Mortality rates began declining in the late 19th century throughout Europe and the United States. Whether sanitary measures, sanatoria, improved nutrition, or larger epidemiological factors unrelated to human intervention were the cause of this decline remains undecided. ocp.hul.harvard.edu/contagion/tuberculosis.html
In 1870-72, John Marius Wilson's Imperial Gazetteer of England and Wales described Higham Ferrers like this:
HIGHAM-FERRERS, a small town, a parish, a subdistrict, and a hundred in Northamptonshire. The town stands on a rocky height, near the river Nene and the Northhampton and Peterborough railway, 3 miles from the boundary with Beds, and 15½ ENE of Northhampton. It was known, at Domesday, as Higham; and it took its after name from the Earls Ferrers, who were its lords. Its site has yielded relics which show it to have been probably occupied by the Romans; and is within 3 miles of the Roman station of Chester.
Noted events in his life were:
1. Residence: High Street, 1841, Higham Ferrers, Northamptonshire, England. 2345
2. Residence: 6 Newland Street, 1851, Higham Ferrers, Northamptonshire, England. 2346 Occupation cordwainer.

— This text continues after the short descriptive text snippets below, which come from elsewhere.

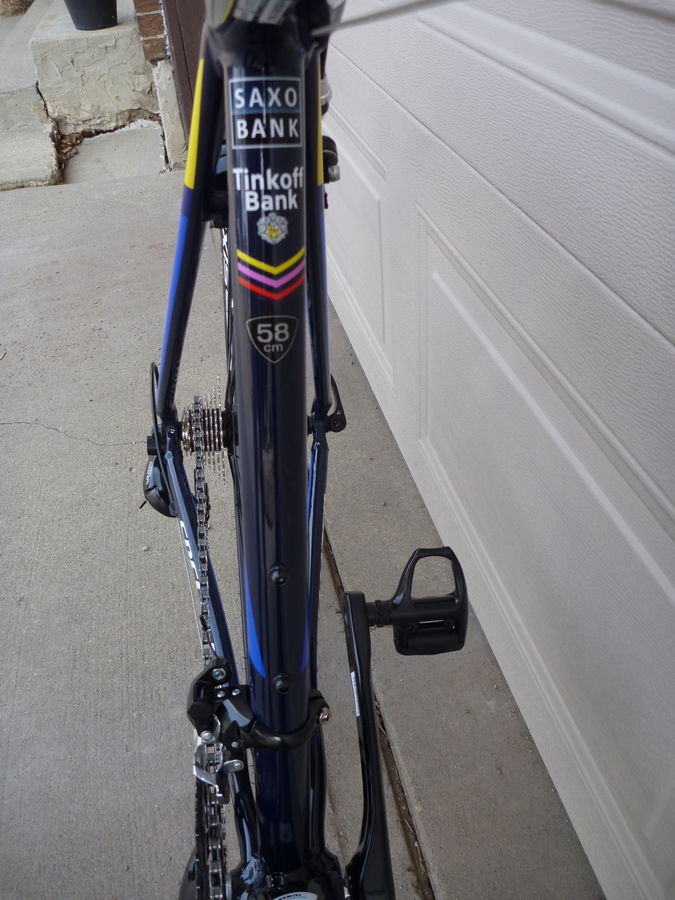 specialized allez blue book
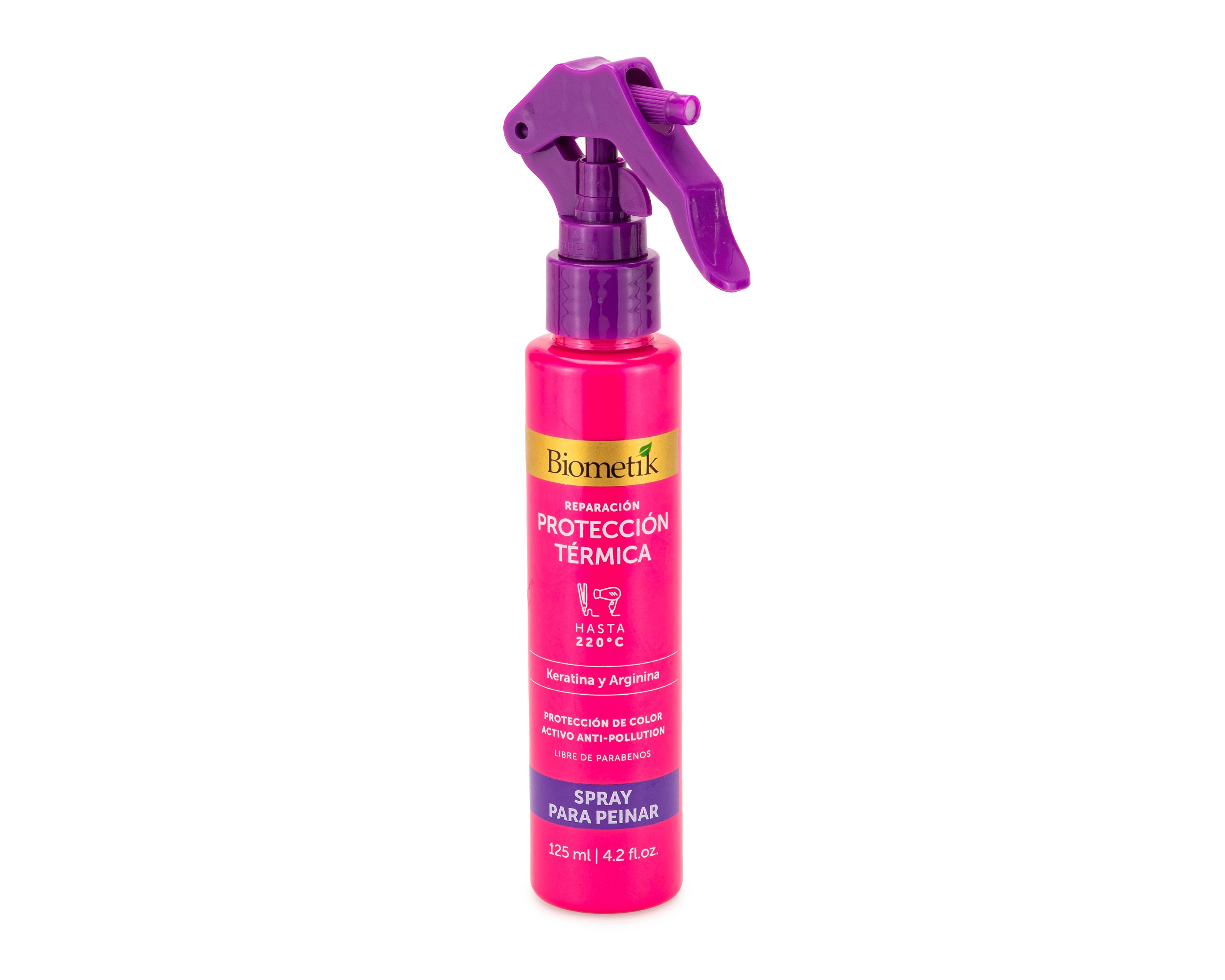 Spray para Peinar Biometík Protección Térmica $149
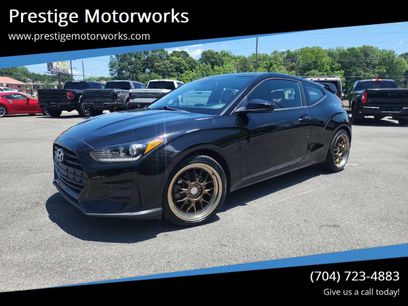 Used 2019 Hyundai Veloster 2.0 Premium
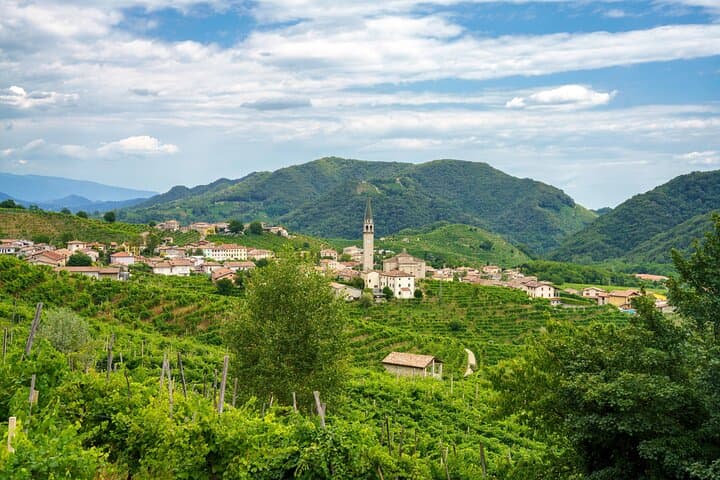 Découvrez le charme des collines du Prosecco depuis Venise image 5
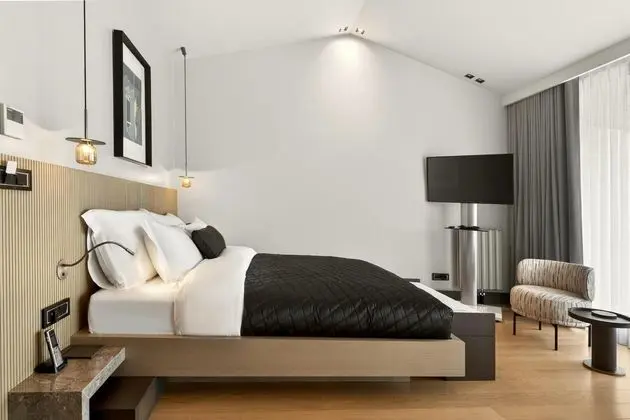 Premium Suite, Deniz ve Şehir Manzaralı, 2. Kat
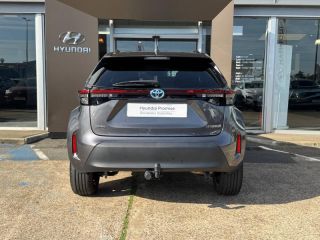 72100 : Hyundai Le Mans - GCH LE MANS - TOYOTA Yaris Cross - Yaris Cross - Gris Atlas (M) - Traction - Hybride : Essence/Electrique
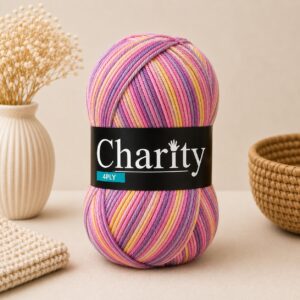 Charity 4-ply Print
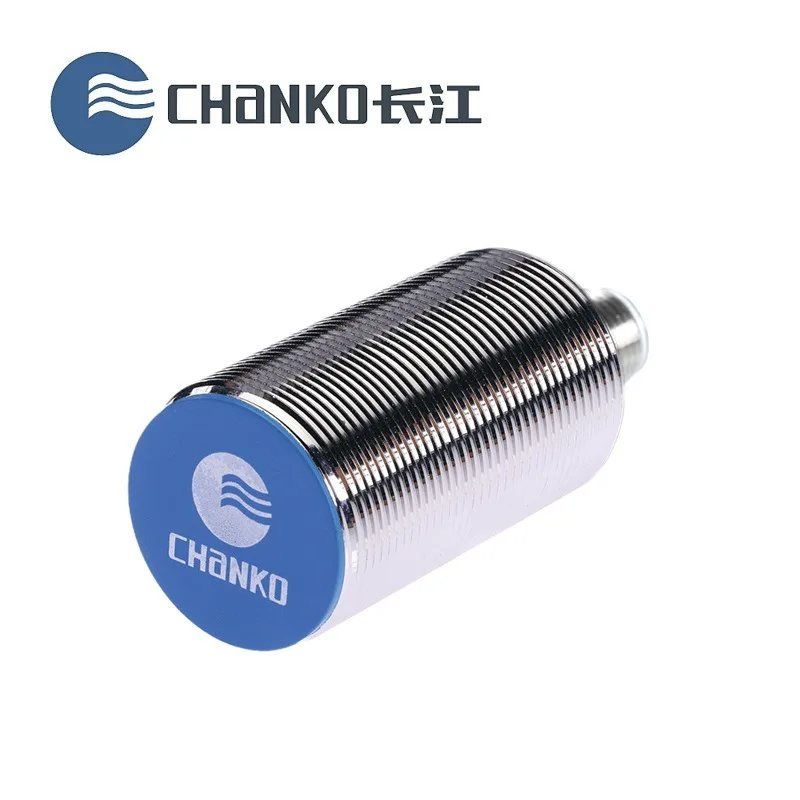 CHANKO CL30-RF15DP1 cilíndrica sensor indutivo saída PNP chave de proximidade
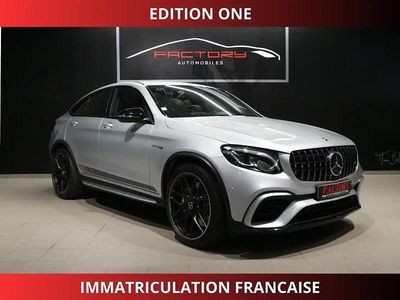 Gris Occasion 2019 Mercedes GLC63 AMG AMG SUV | 69 900 €
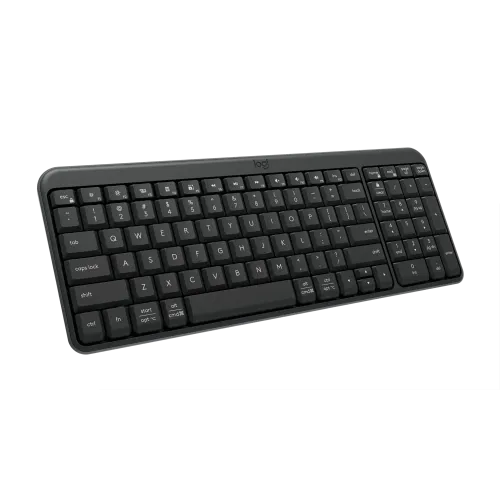 Logitech K250 Compact Wireless Keyboard — image 2 of 4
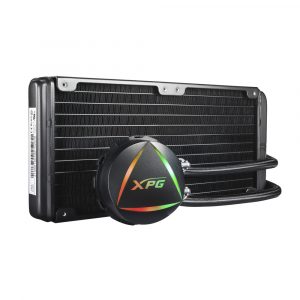 Refrigeración Líquida Gamer Adata Xpg Levante 240 Argb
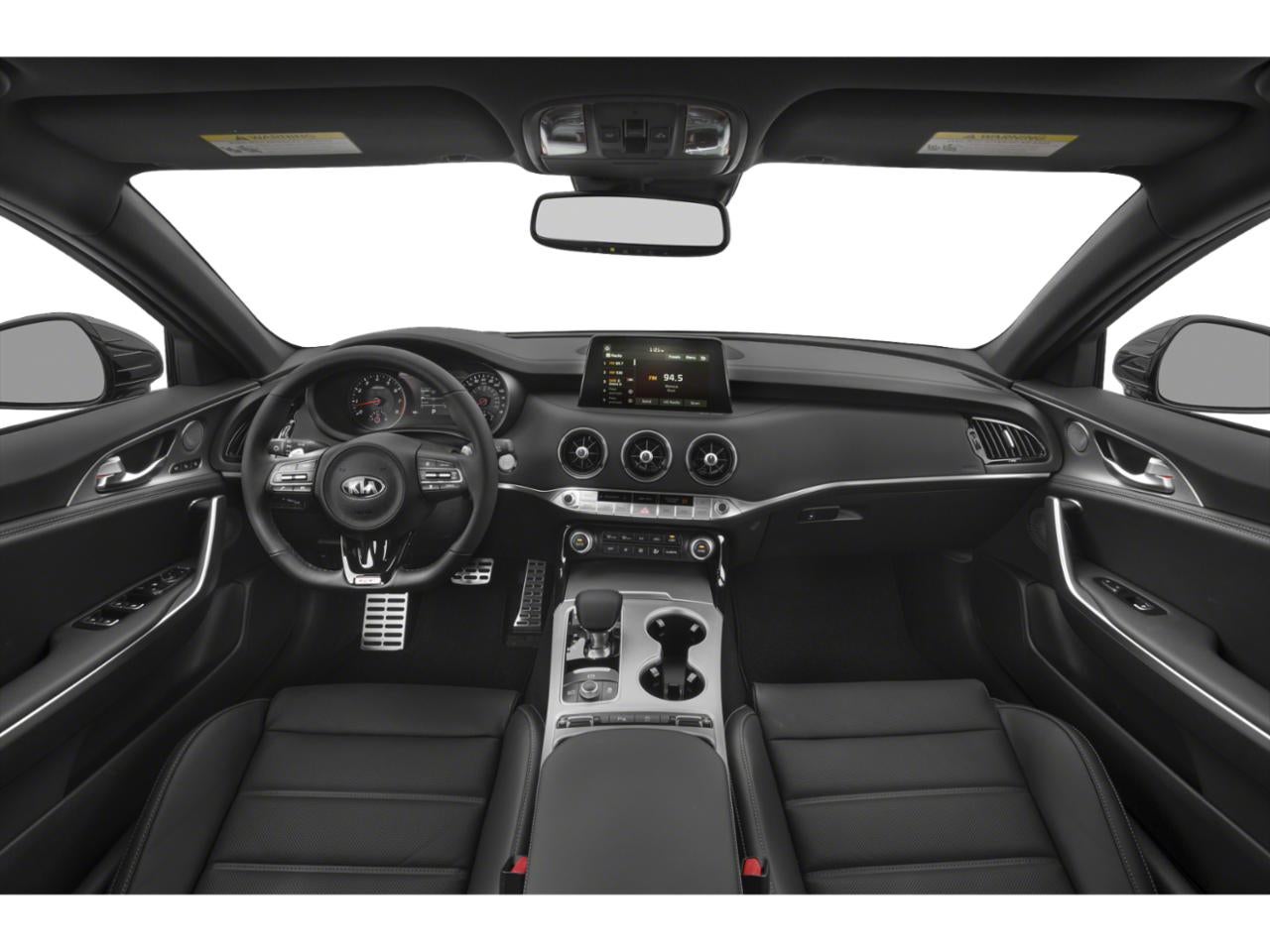 2020 Kia Stinger GT-Line AWD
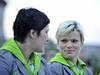 Video: Slovenska olimpijska reprezentanca se je predstavila na Ljubljanskem gradu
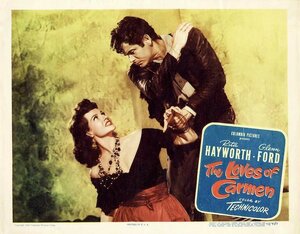 Постер: (Кармен, 1948 - вся информация о фильме на FilmNavi.ru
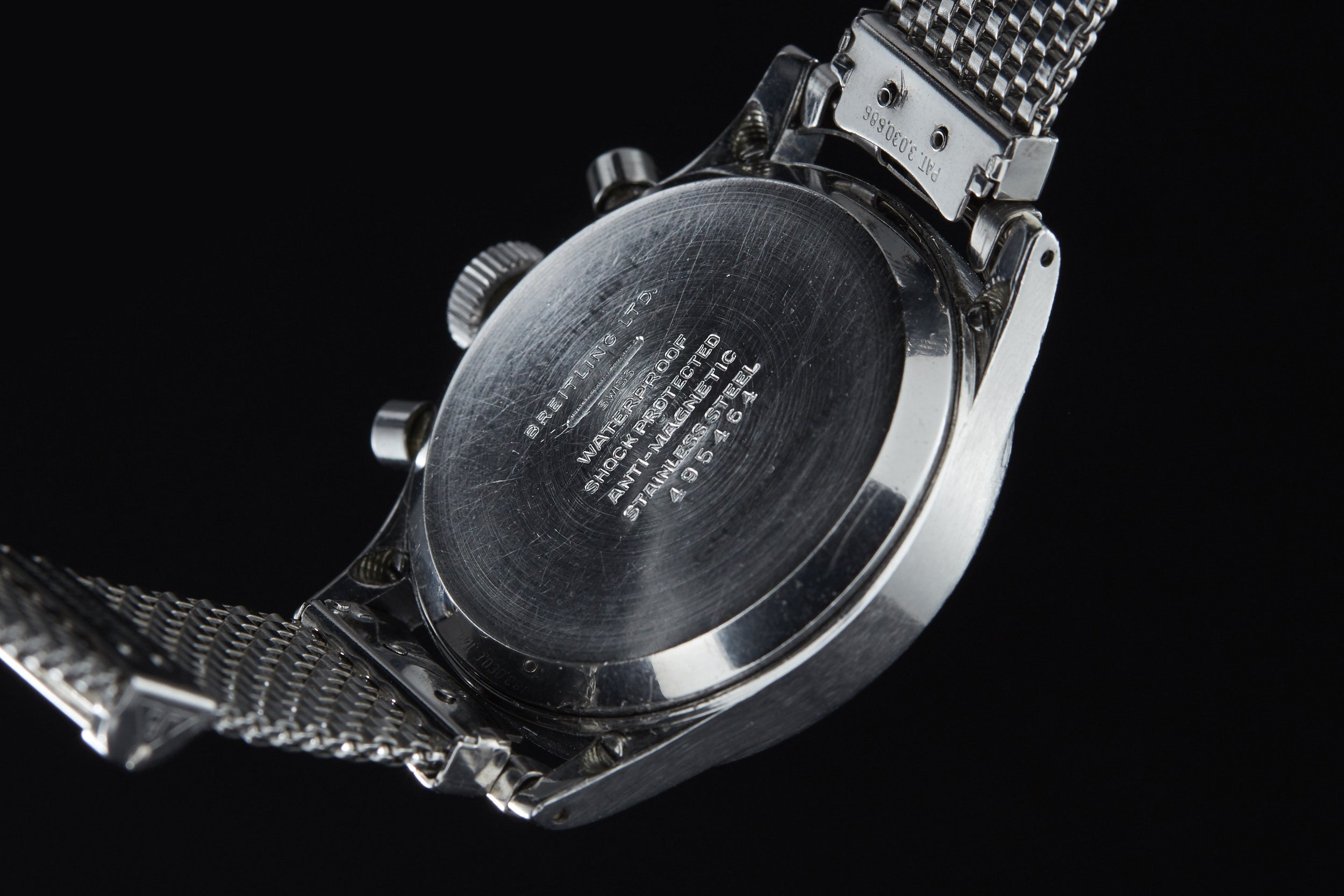 Breitling waterproof outlet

3. Residence, 1861, Higham Ferrers, Northamptonshire, England. 2347
4. Burial information: Blessed Virgin Anglican, 5 Feb 1870, Higham Ferrers, Northamptonshire, England. 2348
John married Ruth CLARKE [1318] [MRIN: 408], daughter of William CLARKE [7530] and Mary ROGERS [7531], on 19 Aug 1817 in Wilby, Northamptonshire, England 2332.,2333 (Ruth CLARKE [1318] was born about 1798 in Earls Barton, Northamptonshire, England, christened on 8 Jun 1813 in Earls Barton, Northamptonshire, England,2250 died on 9 Jul 1871 in Higham Ferrers, Northamptonshire, England 2334,2335 and was buried on 11 Jul 1871 in Blessed Virgin Anglican, Higham Ferrers, Northamptonshire, England 2336,2337.)